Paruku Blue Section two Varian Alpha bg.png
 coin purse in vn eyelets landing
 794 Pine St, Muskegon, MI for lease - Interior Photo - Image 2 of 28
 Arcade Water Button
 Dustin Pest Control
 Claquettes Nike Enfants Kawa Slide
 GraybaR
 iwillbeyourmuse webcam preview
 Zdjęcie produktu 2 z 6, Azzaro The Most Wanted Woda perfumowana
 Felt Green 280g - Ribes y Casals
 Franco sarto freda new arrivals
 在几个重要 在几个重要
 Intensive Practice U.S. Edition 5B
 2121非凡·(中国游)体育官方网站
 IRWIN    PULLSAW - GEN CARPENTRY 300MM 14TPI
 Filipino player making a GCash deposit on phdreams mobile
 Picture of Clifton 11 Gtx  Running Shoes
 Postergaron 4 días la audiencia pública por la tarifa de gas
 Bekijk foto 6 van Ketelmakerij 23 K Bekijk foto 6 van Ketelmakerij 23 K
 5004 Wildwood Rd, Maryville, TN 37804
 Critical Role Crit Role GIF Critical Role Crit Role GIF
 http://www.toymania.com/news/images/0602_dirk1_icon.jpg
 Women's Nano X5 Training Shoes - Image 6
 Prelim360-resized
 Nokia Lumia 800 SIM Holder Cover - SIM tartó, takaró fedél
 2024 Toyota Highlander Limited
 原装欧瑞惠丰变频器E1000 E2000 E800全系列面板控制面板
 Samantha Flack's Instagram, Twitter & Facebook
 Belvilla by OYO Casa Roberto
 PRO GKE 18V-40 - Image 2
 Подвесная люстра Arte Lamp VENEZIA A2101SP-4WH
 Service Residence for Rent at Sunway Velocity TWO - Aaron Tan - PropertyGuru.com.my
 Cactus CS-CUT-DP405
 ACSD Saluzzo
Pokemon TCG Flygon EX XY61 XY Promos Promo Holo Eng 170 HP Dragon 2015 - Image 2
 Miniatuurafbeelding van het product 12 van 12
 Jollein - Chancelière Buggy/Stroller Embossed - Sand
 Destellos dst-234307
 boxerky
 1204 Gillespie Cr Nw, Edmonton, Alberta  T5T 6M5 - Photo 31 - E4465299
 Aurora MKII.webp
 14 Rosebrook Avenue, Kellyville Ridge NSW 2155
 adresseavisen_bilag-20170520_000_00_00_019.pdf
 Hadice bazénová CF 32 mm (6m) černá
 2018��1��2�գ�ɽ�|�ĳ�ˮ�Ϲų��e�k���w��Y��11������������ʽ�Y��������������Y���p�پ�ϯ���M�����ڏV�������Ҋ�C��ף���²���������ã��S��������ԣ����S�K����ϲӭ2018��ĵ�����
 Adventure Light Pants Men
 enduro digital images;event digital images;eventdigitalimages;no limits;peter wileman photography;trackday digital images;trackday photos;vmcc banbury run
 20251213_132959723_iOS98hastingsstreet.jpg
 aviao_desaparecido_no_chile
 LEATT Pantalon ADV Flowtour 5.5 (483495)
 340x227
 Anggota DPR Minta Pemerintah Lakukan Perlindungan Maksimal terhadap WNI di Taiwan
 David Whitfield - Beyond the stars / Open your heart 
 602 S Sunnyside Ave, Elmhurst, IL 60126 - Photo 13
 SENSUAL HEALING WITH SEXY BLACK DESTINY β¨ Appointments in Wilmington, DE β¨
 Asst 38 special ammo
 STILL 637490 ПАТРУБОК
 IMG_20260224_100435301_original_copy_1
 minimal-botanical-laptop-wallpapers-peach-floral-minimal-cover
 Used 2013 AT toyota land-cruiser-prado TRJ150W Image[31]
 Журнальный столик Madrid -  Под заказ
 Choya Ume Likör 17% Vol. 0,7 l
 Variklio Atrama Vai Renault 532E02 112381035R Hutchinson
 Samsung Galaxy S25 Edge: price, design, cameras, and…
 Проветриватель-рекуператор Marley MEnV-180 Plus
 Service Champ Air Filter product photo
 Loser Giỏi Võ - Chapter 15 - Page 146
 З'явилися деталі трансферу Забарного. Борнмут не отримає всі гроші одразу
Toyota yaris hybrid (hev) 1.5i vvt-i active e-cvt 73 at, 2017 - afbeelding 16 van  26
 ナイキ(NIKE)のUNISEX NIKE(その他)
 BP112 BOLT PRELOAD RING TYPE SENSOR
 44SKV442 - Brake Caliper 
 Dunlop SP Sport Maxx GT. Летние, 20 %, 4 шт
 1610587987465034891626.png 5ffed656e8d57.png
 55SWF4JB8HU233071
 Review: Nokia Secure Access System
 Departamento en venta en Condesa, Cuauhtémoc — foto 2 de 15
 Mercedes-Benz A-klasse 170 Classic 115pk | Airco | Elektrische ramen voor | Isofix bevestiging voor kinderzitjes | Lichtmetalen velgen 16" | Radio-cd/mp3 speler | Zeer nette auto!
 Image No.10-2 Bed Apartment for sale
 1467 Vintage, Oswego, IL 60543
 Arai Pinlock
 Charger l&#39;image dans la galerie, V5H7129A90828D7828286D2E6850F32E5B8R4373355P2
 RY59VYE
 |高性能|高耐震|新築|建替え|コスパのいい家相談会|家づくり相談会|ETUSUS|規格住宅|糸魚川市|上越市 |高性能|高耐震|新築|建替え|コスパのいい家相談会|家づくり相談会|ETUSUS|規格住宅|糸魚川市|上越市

------------------------------------------------------------------------

# Task statement
All entries must be repeated exactly.

# Expected output
Paruku Blue Section two Varian Alpha bg.png
 coin purse in vn eyelets landing
 794 Pine St, Muskegon, MI for lease - Interior Photo - Image 2 of 28
 Arcade Water Button
 Dustin Pest Control
 Claquettes Nike Enfants Kawa Slide
 GraybaR
 iwillbeyourmuse webcam preview
 Zdjęcie produktu 2 z 6, Azzaro The Most Wanted Woda perfumowana
 Felt Green 280g - Ribes y Casals
 Franco sarto freda new arrivals
 在几个重要 在几个重要
 Intensive Practice U.S. Edition 5B
 2121非凡·(中国游)体育官方网站
 IRWIN    PULLSAW - GEN CARPENTRY 300MM 14TPI
 Filipino player making a GCash deposit on phdreams mobile
 Picture of Clifton 11 Gtx  Running Shoes
 Postergaron 4 días la audiencia pública por la tarifa de gas
 Bekijk foto 6 van Ketelmakerij 23 K Bekijk foto 6 van Ketelmakerij 23 K
 5004 Wildwood Rd, Maryville, TN 37804
 Critical Role Crit Role GIF Critical Role Crit Role GIF
 http://www.toymania.com/news/images/0602_dirk1_icon.jpg
 Women's Nano X5 Training Shoes - Image 6
 Prelim360-resized
 Nokia Lumia 800 SIM Holder Cover - SIM tartó, takaró fedél
 2024 Toyota Highlander Limited
 原装欧瑞惠丰变频器E1000 E2000 E800全系列面板控制面板
 Samantha Flack's Instagram, Twitter & Facebook
 Belvilla by OYO Casa Roberto
 PRO GKE 18V-40 - Image 2
 Подвесная люстра Arte Lamp VENEZIA A2101SP-4WH
 Service Residence for Rent at Sunway Velocity TWO - Aaron Tan - PropertyGuru.com.my
 Cactus CS-CUT-DP405
 ACSD Saluzzo
Pokemon TCG Flygon EX XY61 XY Promos Promo Holo Eng 170 HP Dragon 2015 - Image 2
 Miniatuurafbeelding van het product 12 van 12
 Jollein - Chancelière Buggy/Stroller Embossed - Sand
 Destellos dst-234307
 boxerky
 1204 Gillespie Cr Nw, Edmonton, Alberta  T5T 6M5 - Photo 31 - E4465299
 Aurora MKII.webp
 14 Rosebrook Avenue, Kellyville Ridge NSW 2155
 adresseavisen_bilag-20170520_000_00_00_019.pdf
 Hadice bazénová CF 32 mm (6m) černá
 2018��1��2�գ�ɽ�|�ĳ�ˮ�Ϲų��e�k���w��Y��11������������ʽ�Y��������������Y���p�پ�ϯ���M�����ڏV�������Ҋ�C��ף���²���������ã��S��������ԣ����S�K����ϲӭ2018��ĵ�����
 Adventure Light Pants Men
 enduro digital images;event digital images;eventdigitalimages;no limits;peter wileman photography;trackday digital images;trackday photos;vmcc banbury run
 20251213_132959723_iOS98hastingsstreet.jpg
 aviao_desaparecido_no_chile
 LEATT Pantalon ADV Flowtour 5.5 (483495)
 340x227
 Anggota DPR Minta Pemerintah Lakukan Perlindungan Maksimal terhadap WNI di Taiwan
 David Whitfield - Beyond the stars / Open your heart 
 602 S Sunnyside Ave, Elmhurst, IL 60126 - Photo 13
 SENSUAL HEALING WITH SEXY BLACK DESTINY β¨ Appointments in Wilmington, DE β¨
 Asst 38 special ammo
 STILL 637490 ПАТРУБОК
 IMG_20260224_100435301_original_copy_1
 minimal-botanical-laptop-wallpapers-peach-floral-minimal-cover
 Used 2013 AT toyota land-cruiser-prado TRJ150W Image[31]
 Журнальный столик Madrid -  Под заказ
 Choya Ume Likör 17% Vol. 0,7 l
 Variklio Atrama Vai Renault 532E02 112381035R Hutchinson
 Samsung Galaxy S25 Edge: price, design, cameras, and…
 Проветриватель-рекуператор Marley MEnV-180 Plus
 Service Champ Air Filter product photo
 Loser Giỏi Võ - Chapter 15 - Page 146
 З'явилися деталі трансферу Забарного. Борнмут не отримає всі гроші одразу
Toyota yaris hybrid (hev) 1.5i vvt-i active e-cvt 73 at, 2017 - afbeelding 16 van  26
 ナイキ(NIKE)のUNISEX NIKE(その他)
 BP112 BOLT PRELOAD RING TYPE SENSOR
 44SKV442 - Brake Caliper 
 Dunlop SP Sport Maxx GT. Летние, 20 %, 4 шт
 1610587987465034891626.png 5ffed656e8d57.png
 55SWF4JB8HU233071
 Review: Nokia Secure Access System
 Departamento en venta en Condesa, Cuauhtémoc — foto 2 de 15
 Mercedes-Benz A-klasse 170 Classic 115pk | Airco | Elektrische ramen voor | Isofix bevestiging voor kinderzitjes | Lichtmetalen velgen 16" | Radio-cd/mp3 speler | Zeer nette auto!
 Image No.10-2 Bed Apartment for sale
 1467 Vintage, Oswego, IL 60543
 Arai Pinlock
 Charger l&#39;image dans la galerie, V5H7129A90828D7828286D2E6850F32E5B8R4373355P2
 RY59VYE
 |高性能|高耐震|新築|建替え|コスパのいい家相談会|家づくり相談会|ETUSUS|規格住宅|糸魚川市|上越市 |高性能|高耐震|新築|建替え|コスパのいい家相談会|家づくり相談会|ETUSUS|規格住宅|糸魚川市|上越市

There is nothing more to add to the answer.